§ DATASET ENTRIES:

##########

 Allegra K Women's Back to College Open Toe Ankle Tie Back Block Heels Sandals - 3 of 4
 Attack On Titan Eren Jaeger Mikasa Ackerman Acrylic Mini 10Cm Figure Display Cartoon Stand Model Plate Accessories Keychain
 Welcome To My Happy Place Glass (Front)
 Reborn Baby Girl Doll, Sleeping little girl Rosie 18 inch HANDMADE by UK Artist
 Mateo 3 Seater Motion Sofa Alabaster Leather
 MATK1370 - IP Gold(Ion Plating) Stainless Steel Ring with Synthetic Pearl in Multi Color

##########

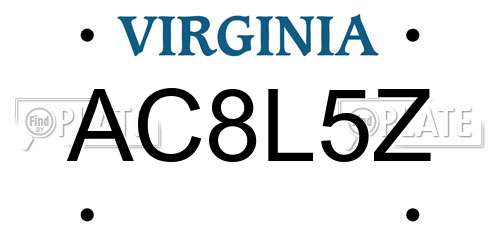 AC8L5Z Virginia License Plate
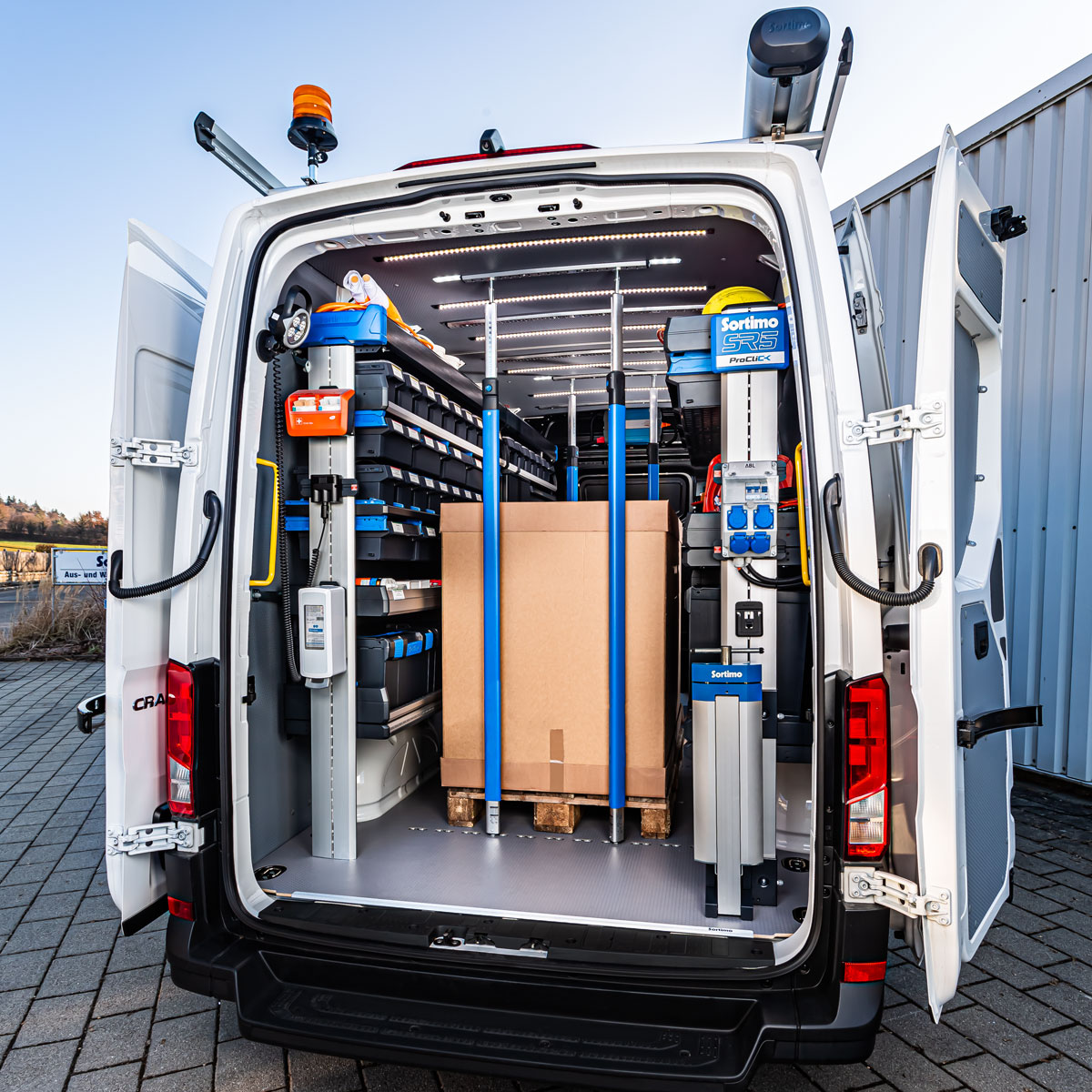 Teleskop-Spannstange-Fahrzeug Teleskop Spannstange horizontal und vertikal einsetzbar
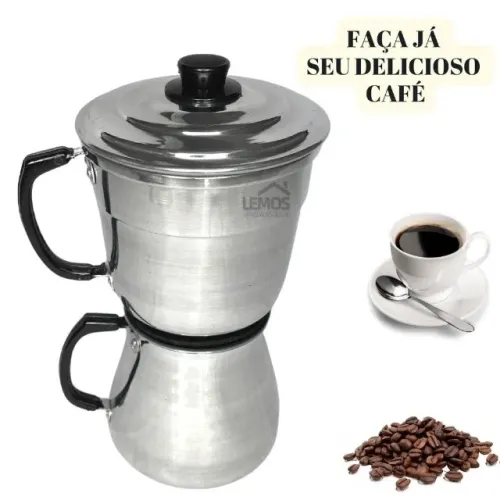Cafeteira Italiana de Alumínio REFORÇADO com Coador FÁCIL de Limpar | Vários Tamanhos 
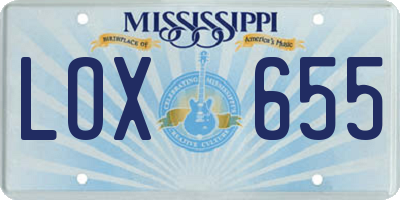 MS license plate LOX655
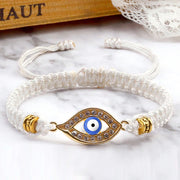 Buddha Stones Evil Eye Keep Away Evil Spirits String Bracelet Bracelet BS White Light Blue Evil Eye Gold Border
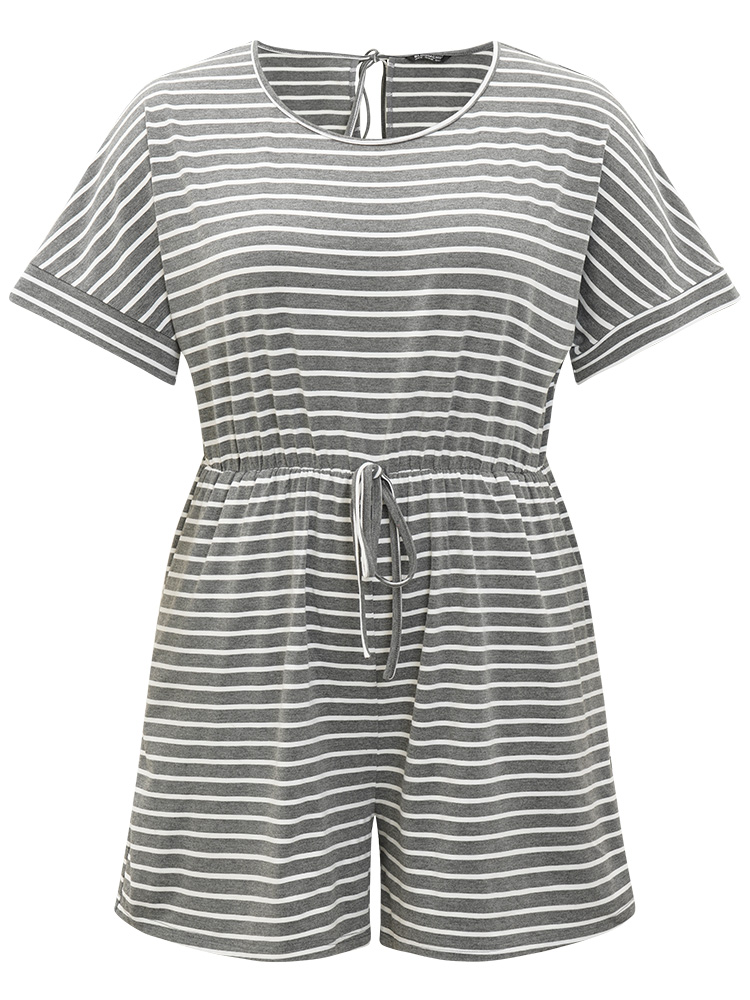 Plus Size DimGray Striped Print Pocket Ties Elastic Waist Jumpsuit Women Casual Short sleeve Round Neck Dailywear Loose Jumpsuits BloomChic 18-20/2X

##########

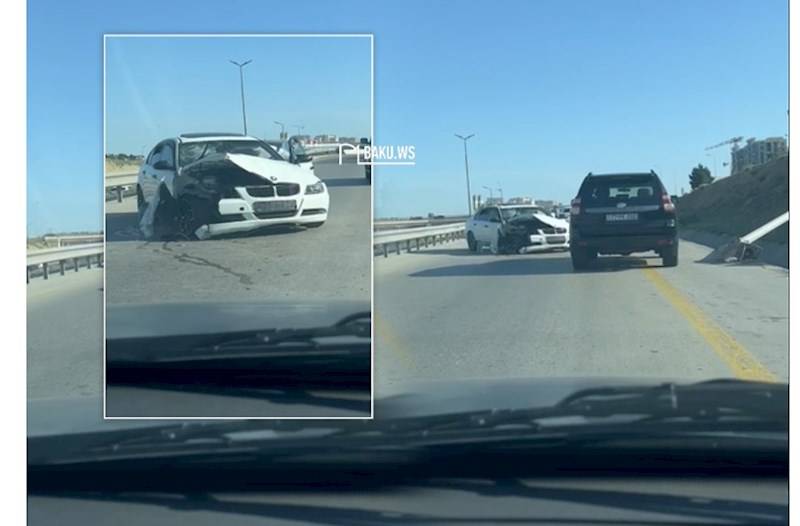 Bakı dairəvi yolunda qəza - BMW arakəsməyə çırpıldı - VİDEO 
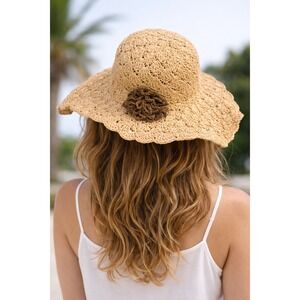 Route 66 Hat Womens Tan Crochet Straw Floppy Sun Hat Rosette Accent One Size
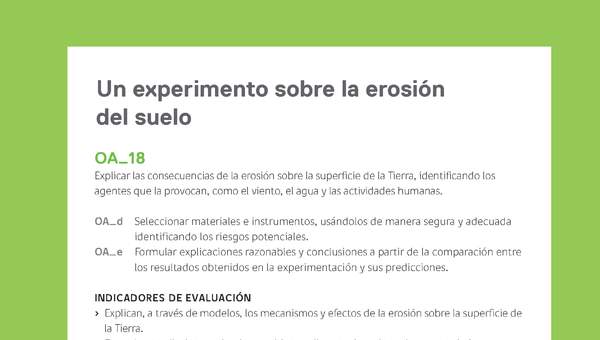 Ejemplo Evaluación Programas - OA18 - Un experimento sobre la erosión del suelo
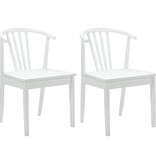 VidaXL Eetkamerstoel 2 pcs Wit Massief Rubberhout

##########

Print an exact copy of the lines above, from the one containing "Cafeteira Italiana de" through the one containing "Plus Size DimGray", and leave out the pictures.

§ WRITTEN REPLY:
Cafeteira Italiana de Alumínio REFORÇADO com Coador FÁCIL de Limpar | Vários Tamanhos 
 MS license plate LOX655
 Buddha Stones Evil Eye Keep Away Evil Spirits String Bracelet Bracelet BS White Light Blue Evil Eye Gold Border
 Plus Size DimGray Striped Print Pocket Ties Elastic Waist Jumpsuit Women Casual Short sleeve Round Neck Dailywear Loose Jumpsuits BloomChic 18-20/2X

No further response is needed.